U.S. Secretary of State John Kerry (L) speaks with Hossein Fereydoun (C), the brother of Iranian President, and Iranian Foreign Minister Javad Zarif (R), on the sidelines of nuclear talks in Vienna, July 14, 2015. File photo

After surrendering to serve his five-year term in prison, the younger brother of Iran’s president, Hossein Fereydoun claimed in a statement October 16 that the judge had convicted him based on eavesdropping on the presidential office.

A close advisor to Hassan Rouhani, Fereydoun did not name the body or persons responsible for the eavesdropping. Nevertheless, it is public knowledge that the Islamic Revolution Guards Corps Intelligence Organization had been behind the lawsuit against him.
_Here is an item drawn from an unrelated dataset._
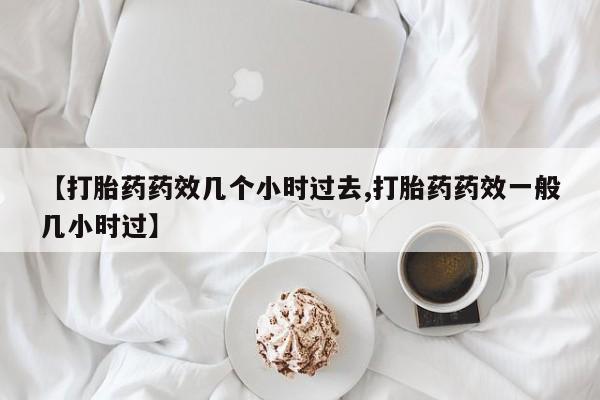 打胎药全国包邮购买联系方式微信【打胎药药效几个小时过去,打胎药药效一般几小时过】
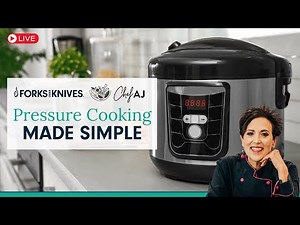 LIVE Cook-Along! Pressure Cooking Made Simple With Chef AJ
Fereydoun, who, unlike his brother, has not changed his last name, was placed behind bars in Tehran's notorious prison, Evin.

He was arrested and imprisoned in 2017 but later released on a $15 million bail. He was one of Rouhani's closest advisors, known as the president's "eyes and ears" during Iran's negotiations over its nuclear program.

He has not explained what evidence related to his case was obtained by eavesdropping on the president's office.

A court convicted him for "receiving bribes" last May and sentenced to seven years.

An appeals court later reduced the jail term to five but ordered him to return any asset that he had acquired illegally and fined him $7.2 million.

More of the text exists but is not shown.